In the literature, the lower thoracic spine (T10-T12) is the most frequently affected segment whereas the middle thoracic vertebrae (T5-T8) are rarely affected within the thoracic spine.15, 18, 34, 54, 55 In our study, we also found similar results. In addition, it has been reported that the location of OLF is less vulnerable in mobile segments such as the cervical and lumbar vertebra than in the thoracic vertebrae.26, 30, 40, 55, 56 This phenomenon gives us insight about the pathogenetic mechanism of OLF. On the basis of the literature review, we hypothesized that biomechanical and anatomical factors might have a key role in thoracic OLF progression. The lumbar and cervical regions are much more flexible than the thoracic spine in terms of flexion/extension and lateral bending. The unstable mechanical environment is not suitable for osteogenic differentiation of ligamentum flavum cells. As the range of motion becomes more restricted in thoracic spine relative to the cervical or lumbar spine, the length of the elastic fibers in the ligamentum flavum is kept in a narrow range during dynamic motion, and calcification may occur more frequently in this relatively stable environment.

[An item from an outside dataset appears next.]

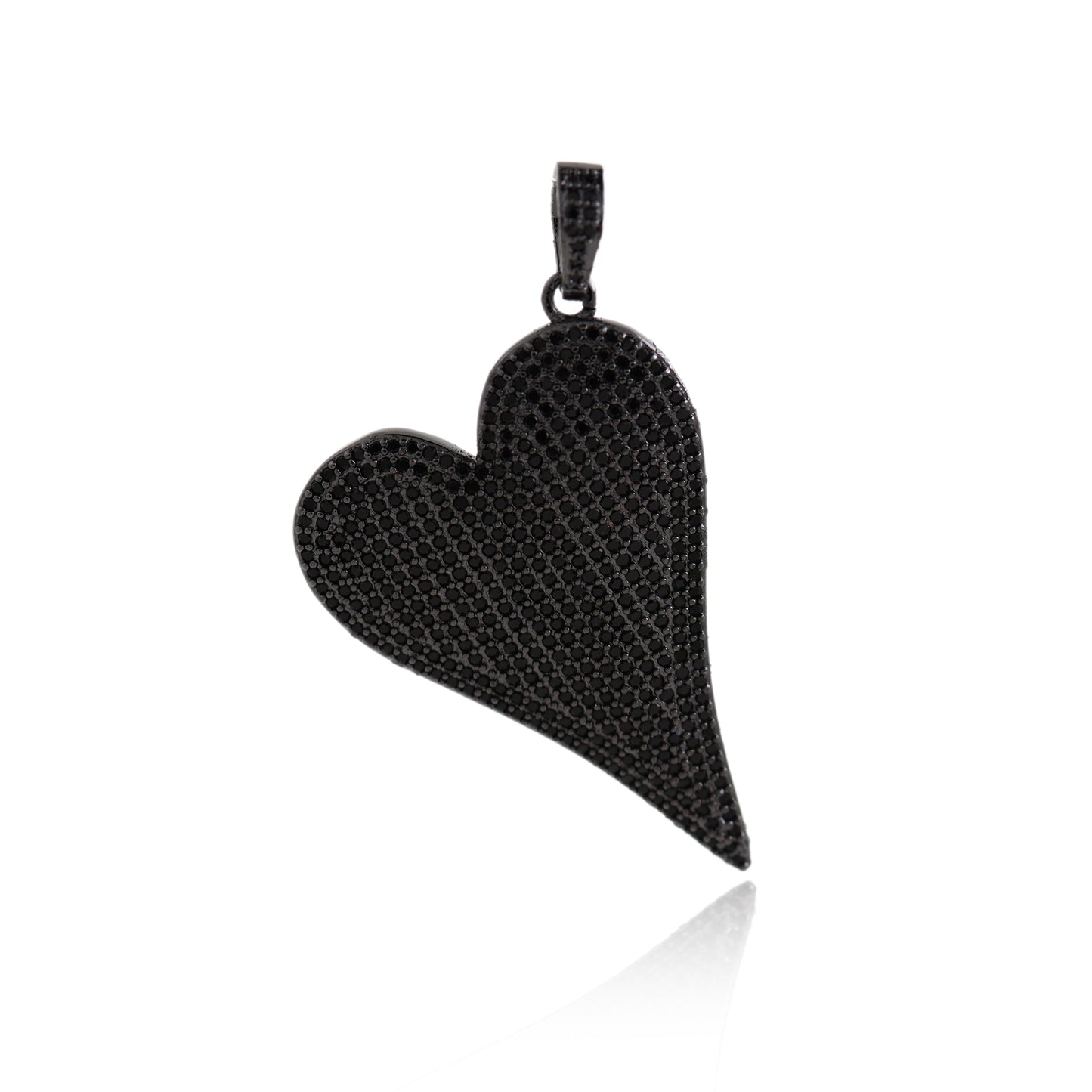 Simple Brass Black Heart Pendant, Heart Charm 43x30mm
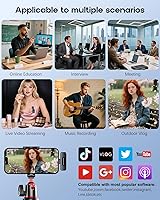 Vista 8 de Mini micrófono inalámbrico para iPhone, micrófono Bluetooth Lavalier para grabación de video, paquete de 2 micrófonos de solapa con clip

This hypothesis was histologically supported by the OLF found in the hypertrophic ligament flavum with fibrocartilage proliferation, which was thought to be a result of mechanical stress because of tensile force.30 As the lower thoracic spine is a transitional area in spinal curvature, the elastic fibers in ligamentum flavum may be relaxed and thickened relatively. In addition to the anatomical difference relating to mechanical stress involving constraints on the articular processes during segmental motion, this difference may also be attributed to increased instability in lower thoracic spine.41, 55, 57 Compared with the middle thoracic spine, it seems to be more particularly easy to make degenerative processes on the lower thoracic spine owing to the high tensile force present on the posterior column.22, 55 Maigne et al.55 reported that OLF occurred most frequently at the lower thoracic spine especially at the thoracolumbar junction, and its appearance correlated with a unique orientation of the facet joints that generated increased rotatory instability and micromotion.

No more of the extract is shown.